The link is attributed to a site supposedly called “insidevideo.net” and features a plausible-looking and frankly shocking photo of an airliner partially submerged, but apparently floating in waters just feet off a coastline, somewhere — somewhere that may or may not be the Bermuda Triangle.

The Hoax Slayer site exposed this scam for what it is, an attempt to “trick Facebook users into promoting the bogus material via Facebook shares and participating in bogus online surveys.”

Bermuda Triangle Facebook hoax

Clicking on the link brings users to another Facebook page where they, before they are allowed to see the supposed spectacular video of the missing plane in the Bermuda Triangle, are asked to share the post with other users. The point is to trick you into “doing the scammer’s dirty work by promoting the message across the network,” Hoax Slayer says.

Next, you go to the “video” page, but there is — surprise! — no video.
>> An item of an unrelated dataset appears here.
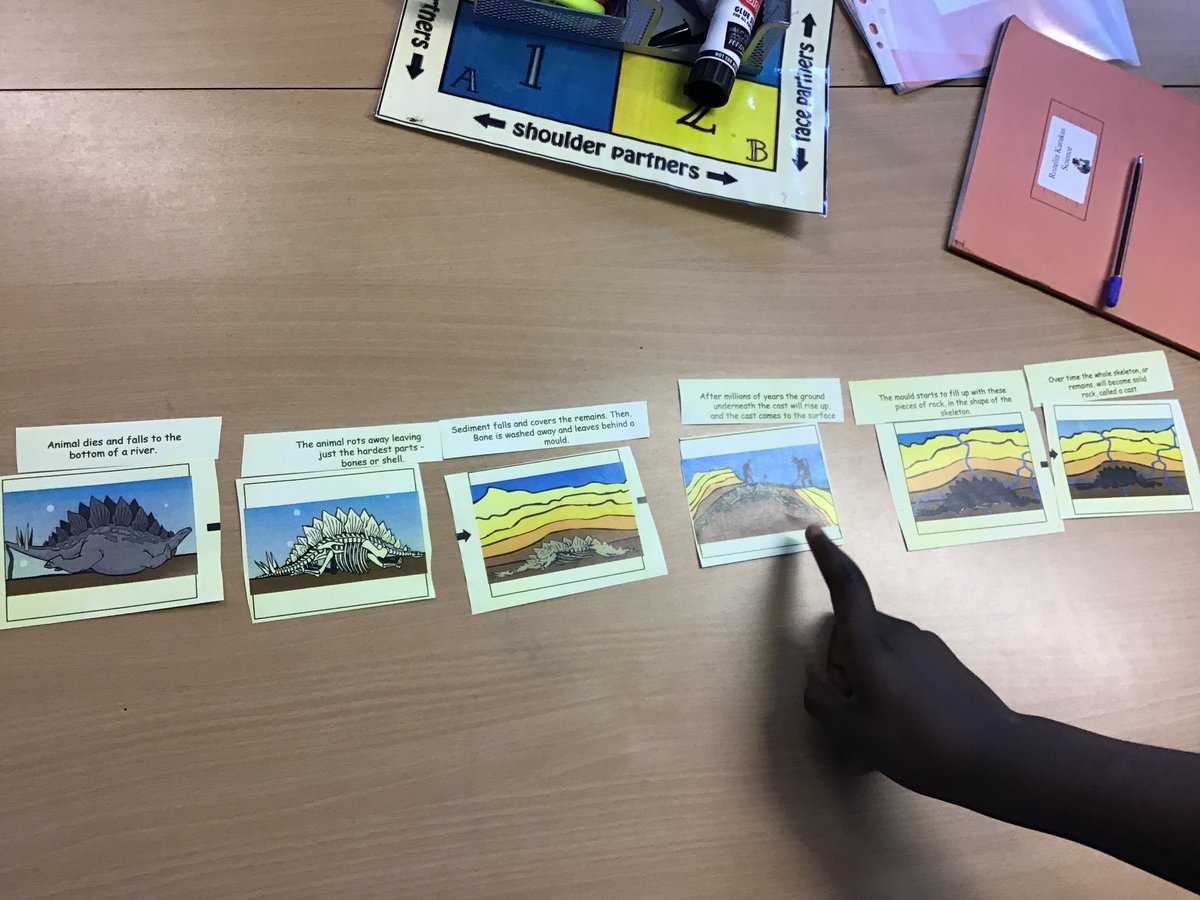 Y6stannes's tweet photo. Revisiting fossils in science! https://t.co/19wfag2wK2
Instead, the user must fill out a series of online surveys and accept various “offers.” But, if you haven’t figured this out already, you absolutely should not accept any such offers or fill out any of the surveys.

No matter how many offers you’re suckered into accepting, you will never see that allegedly amazing video because as you will be shocked, shocked to discover, it doesn’t exist.

The picture in the Facebook post actually comes from a scary but non-fatal crash in which a plane came up short of a runway in Bali in April of last year. Bali, of course, is nowhere near the Bermuda Triangle and the plane depicted in the Facebook photo is a Lion Air 737-800, not a Malaysia Airlines 777-200.

But that scam isn’t the only time the Bermuda Triangle has come up in connection to the Malasyia Airlines Flight 370 mystery. Early in the crisis, Mohammad Nizar Jamaluddin, a politician in Malaysia’s opposition party, drew outrage when he tweeted, “New Bermuda Triangle detected in Vietnam waters, well-equipped sophisticated devices are of no use!”

Whether he was dumb enough to believe what he said, or insensitive enough to think his remark was funny, remains unclear. But he was slammed for both.

The Bermuda Triangle, for those of you who weren’t around to watch bad TV documentaries in the 1970s, is an area between Miami, Bermuda and Puerto Rico where a number of flights have allegedly gone missing.

The most famous of the Bermuda Triangle “mysteries” involved an entire squadron of five Navy Avenger airplanes — similar to the plane pictured above — on a training mission in 1945 that never made it home. The Navy has always said that the squadron simply made a navigational mistake and ran out of fuel.

But Bermuda Triangle conspiracy theorists cite the case as prime evidence that something otherworldly in that region causes aircraft to vanish off the face of the Earth.